(RECORDS FOR PROCESSING begins)

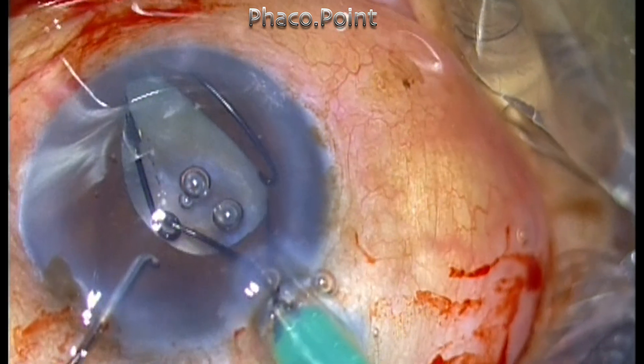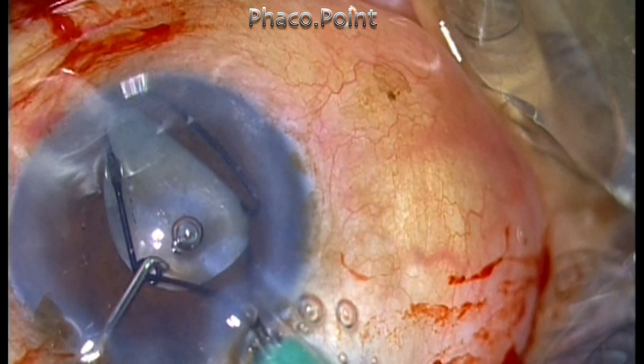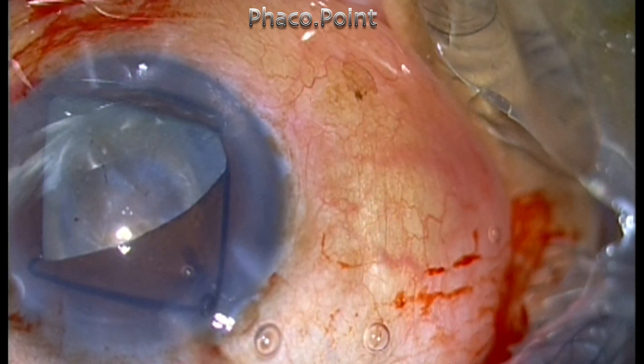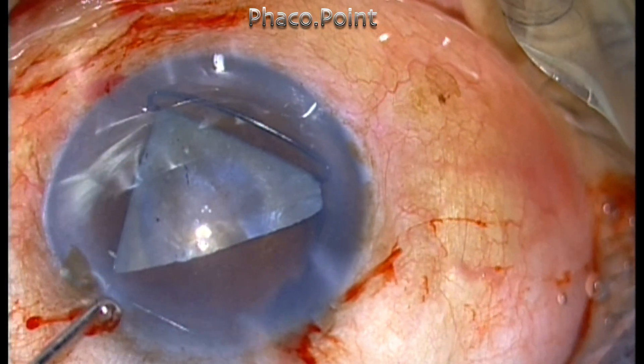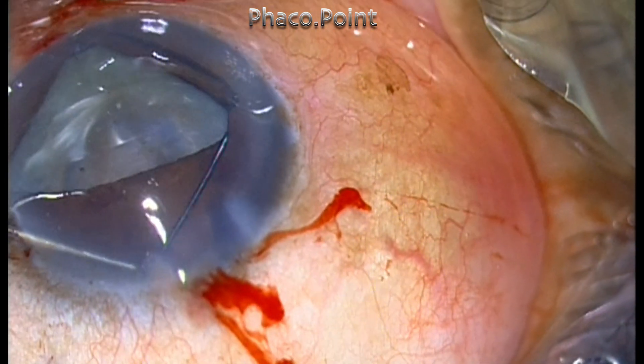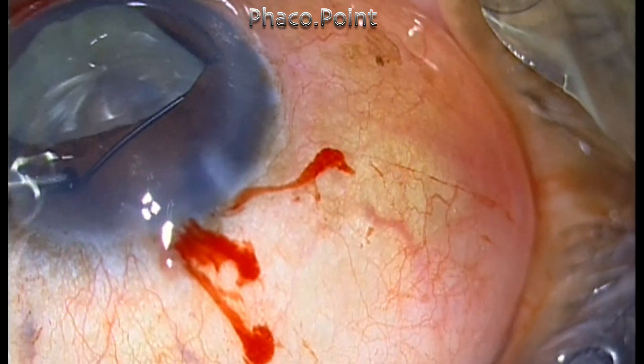As the ring went in, I thought I saw the lens shake, which gave me apprehension about whether there was a zonular dialysis and whether the patient had a subluxated lens as well. However, the patient did not have any phacodonesis in the pre-operative clinical examination.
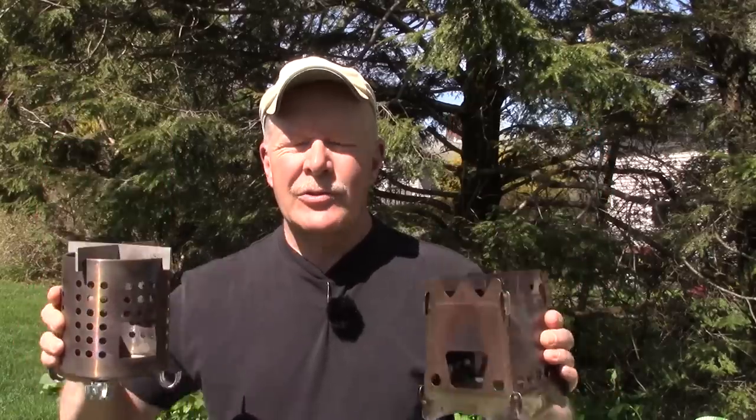In this video we'll continue our ongoing series comparing small wood stoves, this time the IKEA Hobo Stove and the Classic Emberlet. If you're interested in seeing how these two stoves compare, keep watching.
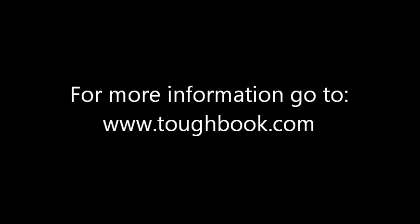So that gives you a look around the machine. If you'd like to get more information, go to www.tuffbook.com. Thanks so much for watching. I'll see you next time.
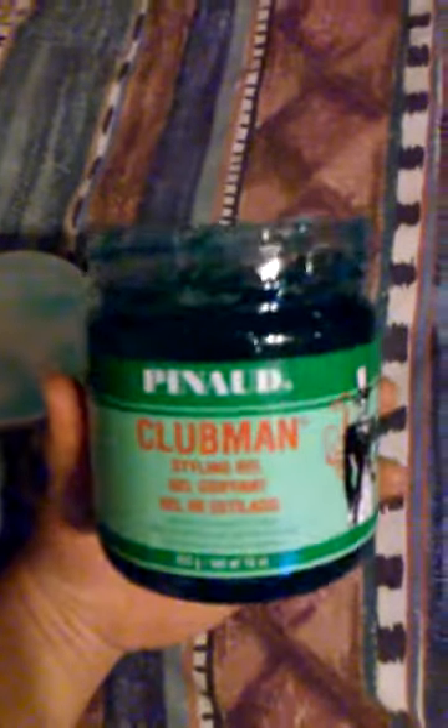I put some in my hair earlier. I got this at Sally's for about $4-$5 and I use it with my clients. It smells great, it works good.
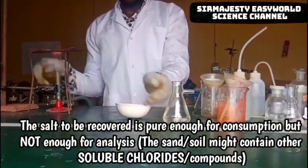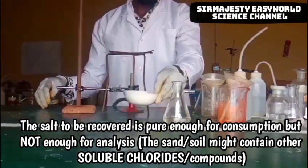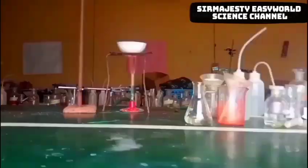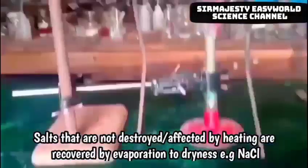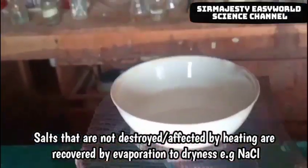On evaporation to dryness, you will recover very pure sodium chloride — not chemically pure enough for analysis, but pure enough for human consumption. We recover this sodium chloride from solution by evaporation to dryness. There is another method called crystallization, but we use evaporation to dryness for sodium chloride because it is not decomposed or destroyed by strong heating. If it were a salt with water of crystallization, like copper(II) sulfate pentahydrate, you would need to use crystallization instead.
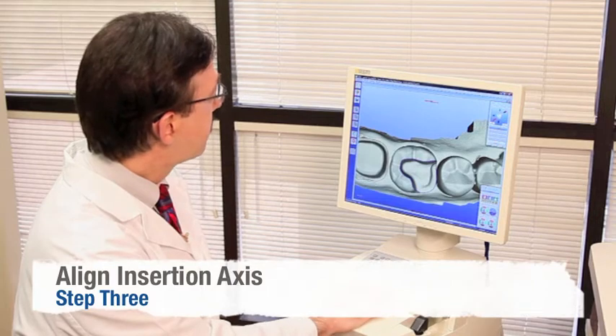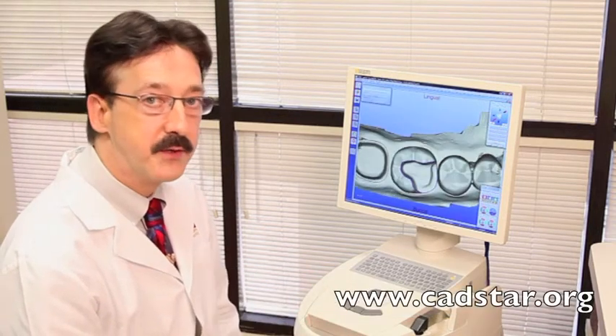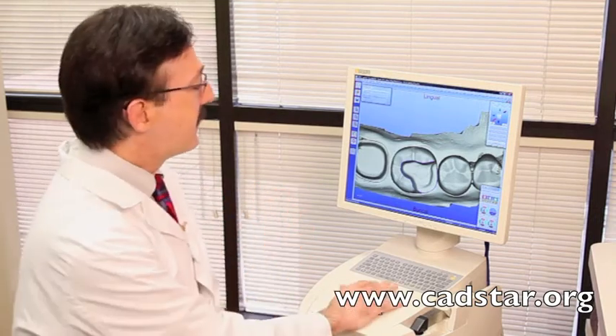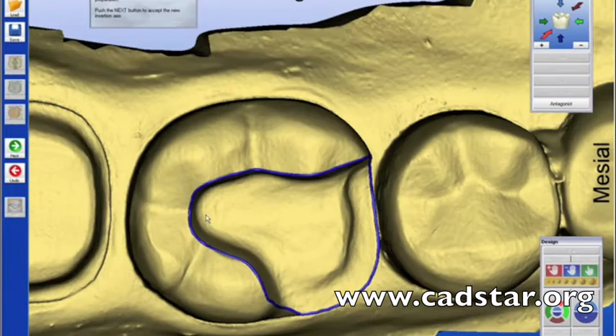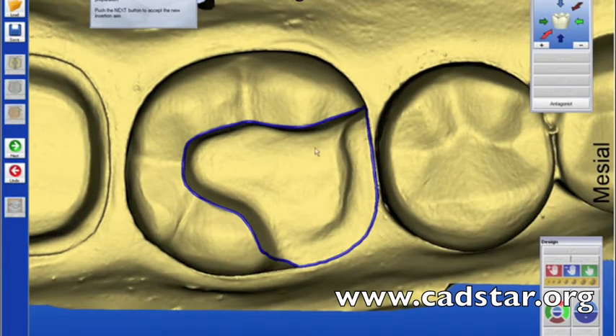The next step is number three: define your insertion axis. Here's an important principle about design — the interproximal contact surface of your second premolar should draw with the preparation. So when you're preparing a tooth, keep that in mind. If you need to recontour the distal of the interproximal contact surface of the second premolar, feel free to do that, because that's going to give you excellent control over your interproximal contact.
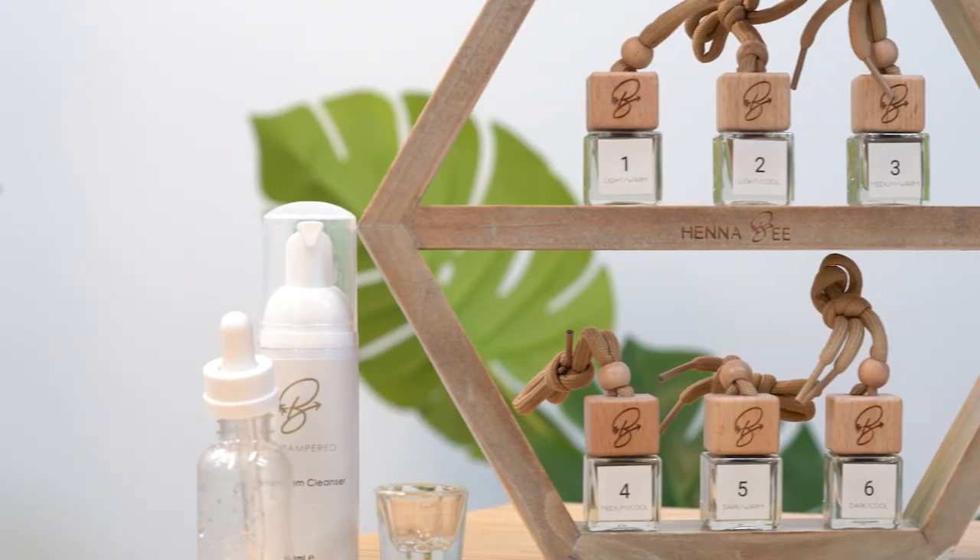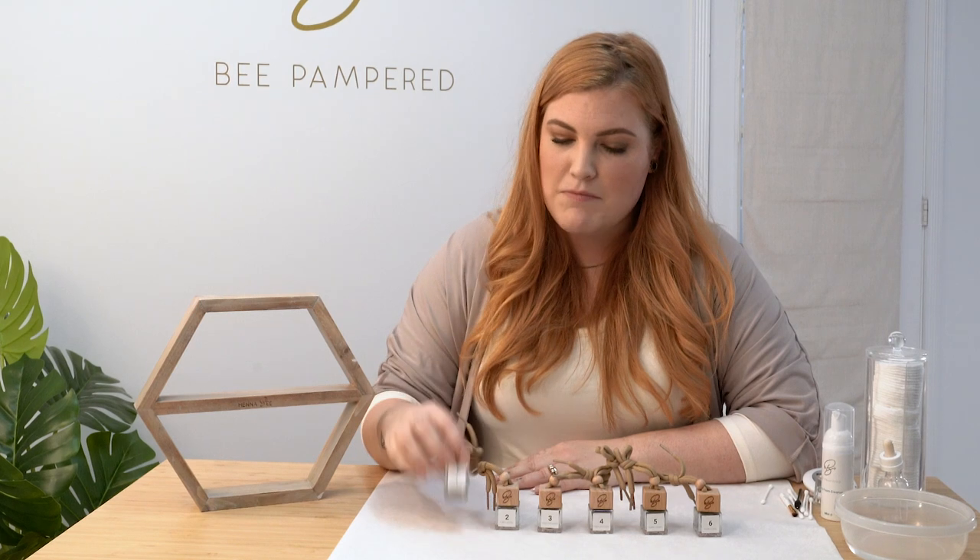Today we're going to be mixing the Henna Bee colors. We've got colors one through six, light to dark. Number one is light warm, great for redheads and somebody who's very fair.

(RECORDS FOR PROCESSING ends)

*ACTIVITY:*
Retype, exactly and only, the lines from the one containing "So that gives" through the end of the entries, both ends included, and omit all pictures.

*TASK RESULT:*
So that gives you a look around the machine. If you'd like to get more information, go to www.tuffbook.com. Thanks so much for watching. I'll see you next time.
I put some in my hair earlier. I got this at Sally's for about $4-$5 and I use it with my clients. It smells great, it works good.
On evaporation to dryness, you will recover very pure sodium chloride — not chemically pure enough for analysis, but pure enough for human consumption. We recover this sodium chloride from solution by evaporation to dryness. There is another method called crystallization, but we use evaporation to dryness for sodium chloride because it is not decomposed or destroyed by strong heating. If it were a salt with water of crystallization, like copper(II) sulfate pentahydrate, you would need to use crystallization instead.
The next step is number three: define your insertion axis. Here's an important principle about design — the interproximal contact surface of your second premolar should draw with the preparation. So when you're preparing a tooth, keep that in mind. If you need to recontour the distal of the interproximal contact surface of the second premolar, feel free to do that, because that's going to give you excellent control over your interproximal contact.
Today we're going to be mixing the Henna Bee colors. We've got colors one through six, light to dark. Number one is light warm, great for redheads and somebody who's very fair.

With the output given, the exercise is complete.